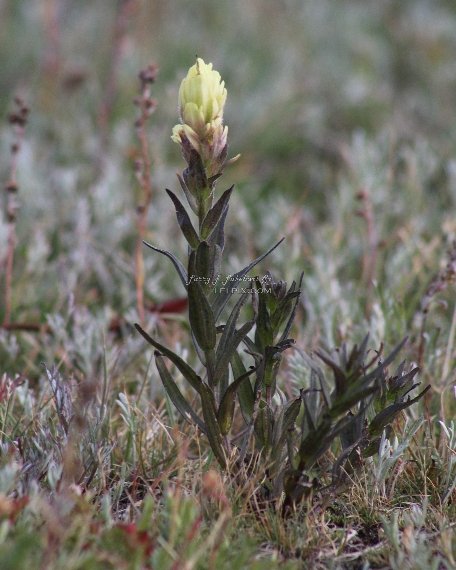 Towering Tundra Flower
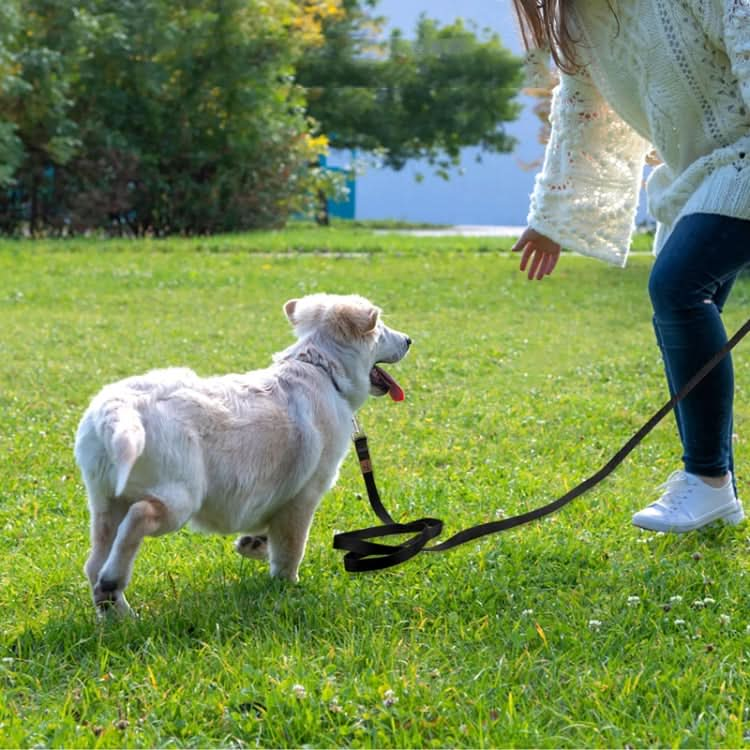 Pet Tracking Towing Leash Multifunctional Dog Walking Leashes - Reluova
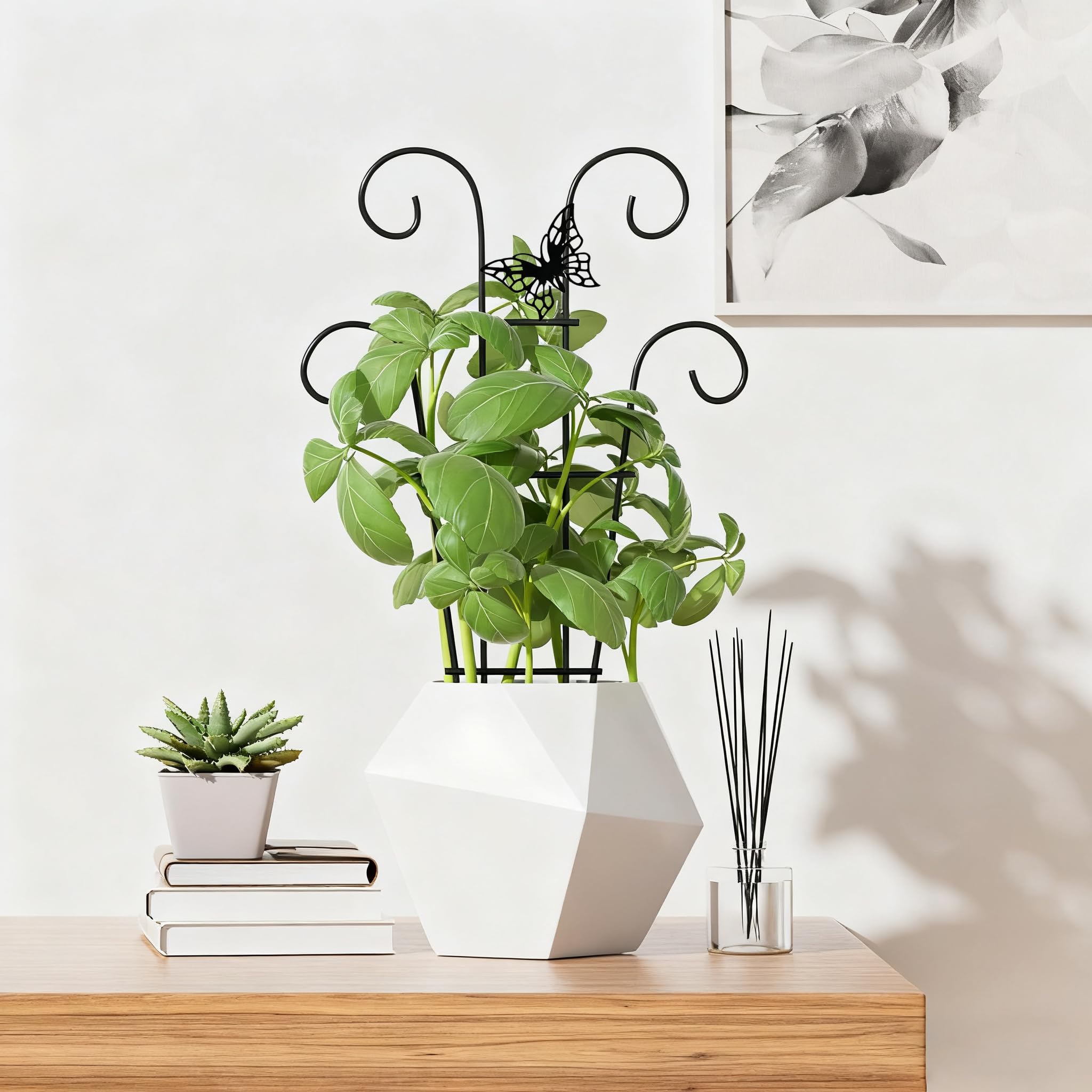 Ailibre garden trellis value pack stackable and affordable.
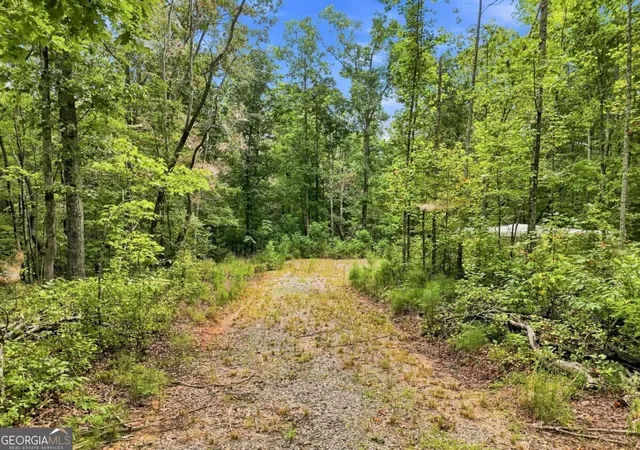 Photo 4 of House for sale at 2040 Pleasant Union Rd, Canton, GA 30114 | MLS# 10841258 | Listing updated on 2026-09-21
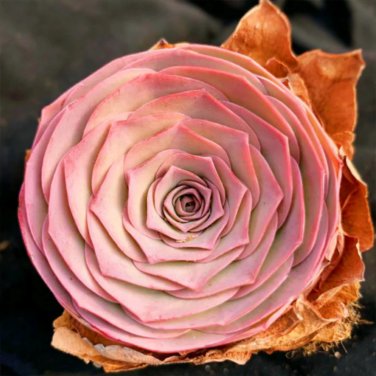 Greenovia The Mountain Rose Red Rose Garden Greenovia Flower Bonsai - 100 Seeds
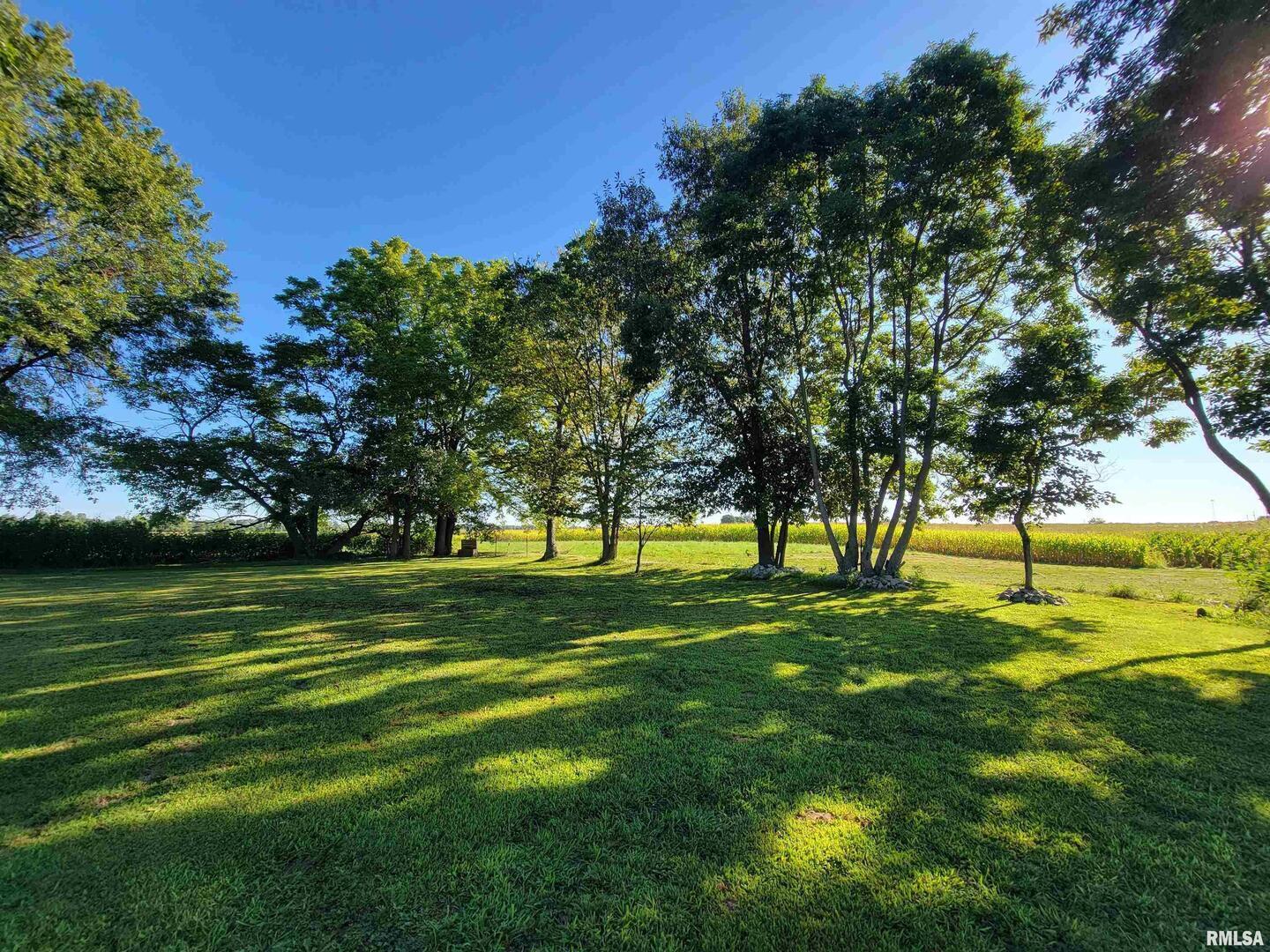 2517 Cherrybark Lane Flora, IL 62839 - Photo 17 of 99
+-------+
§ Assignment:
An exact copy is needed of the lines running from the one containing "Pet Tracking Towing" through the last line of the material, and of no others; pictures stay out.

§ Solution for this problem:
 Pet Tracking Towing Leash Multifunctional Dog Walking Leashes - Reluova
 Ailibre garden trellis value pack stackable and affordable.
 Photo 4 of House for sale at 2040 Pleasant Union Rd, Canton, GA 30114 | MLS# 10841258 | Listing updated on 2026-09-21
 Greenovia The Mountain Rose Red Rose Garden Greenovia Flower Bonsai - 100 Seeds
 2517 Cherrybark Lane Flora, IL 62839 - Photo 17 of 99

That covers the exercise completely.